Fear the Blank Page!
While working on my latest work in progress, I noticed something early on that I'm only really getting around to facing. My project is going through the four years my characters from another work had spent together, and the events that transpired to get them to where they were in the start of the other story. Straight forward, simple, and I actually have a solid background for things I already know happened. They did, after all, speak liberally of their past together, which gave me plenty of antidotes to develop upon, and also some of the main events that shaped their relationship. That being said, I had a timeline in which these events occurred, and as I was laying them out, a glaringly obvious thing popped out at me: They say absolutely nothing of what happened in year three. 
Zip. Zero. Zilch.
It's the only year that nothing is spoken of, and this brings me great fear. Why? Because this is where I could really, really screw this up. My problem from the start of this project was how I loved these characters so much that I wanted to re-write their ending. Which, of course, would be bad. But now I'm facing something that could be just as harmful: the chance that I may accidently re-write their past.
A blank slate, a year that they never recall an event from. What horrible, unspeakable things could have happened? What beautiful, magical things could have happened between them that they don't dare to recall? I have some ideas, but I've already had many more I had to squash because they affected continuity (and I mourned those ideas like you wouldn't believe).

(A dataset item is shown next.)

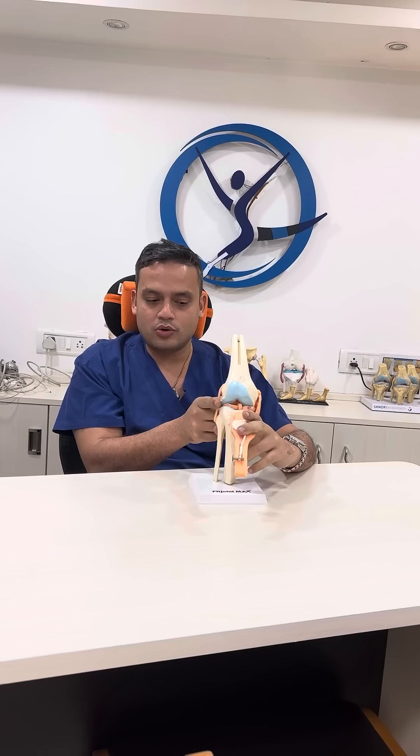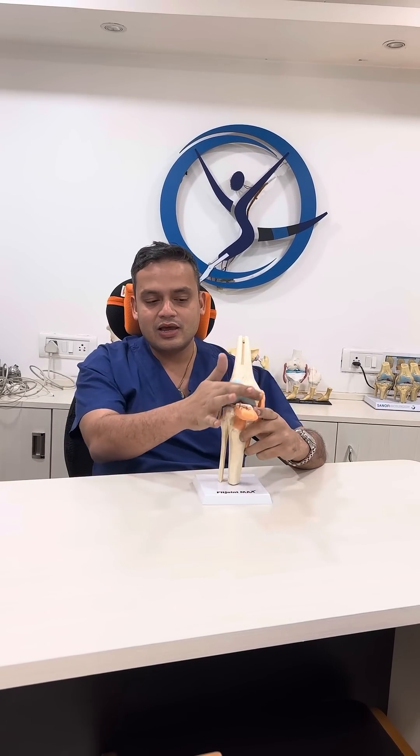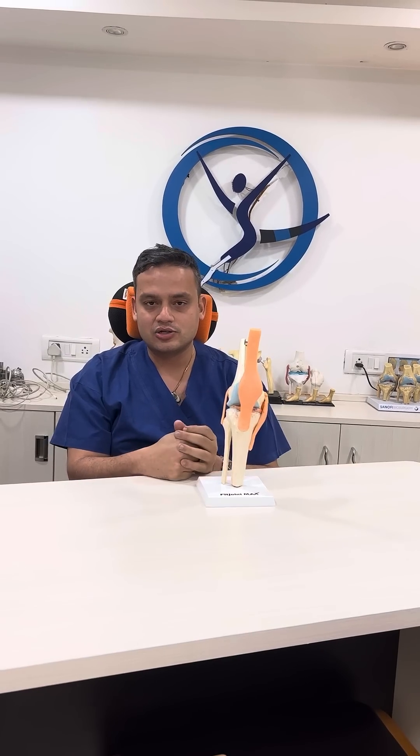That is one on the outer side, one on the inner side, and one behind the kneecap and the upper bone. What really happens when one grows older is that there is a layer of cartilage which tends to wear off, which we will cover in subsequent lectures.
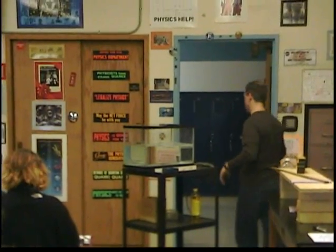We used to use coffee creamer for years, but a couple problems: the particles get bigger, mold grows, and it starts to stink. Now, this is the light box that we bought from Arbor — it's sold now in every science supply company. But if you shine it through, obviously no one can see it unless it bounces off something. If we shine it through the water though, you can see the light rays.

It's scary business, this whole creativity thing. Especially when you're working with a story or characters you're already intimately involved with. It's like going off the beaten path to see what wonders might be beyond the line of trees you're so familiar with. Maybe it's a beautiful brook where the birds chirp louder and the sun gleams brighter. Or, maybe it's a grizzly bear's hunting territory where no animal survives once it enters the dark, shadow grove. The only real way to find out is taking a deep breath, walk around the trees, and hope you have a steak you can throw at the scary beast before turning back and running for the path, hoping that the next adventure of discovery proves less of a hazard to your health.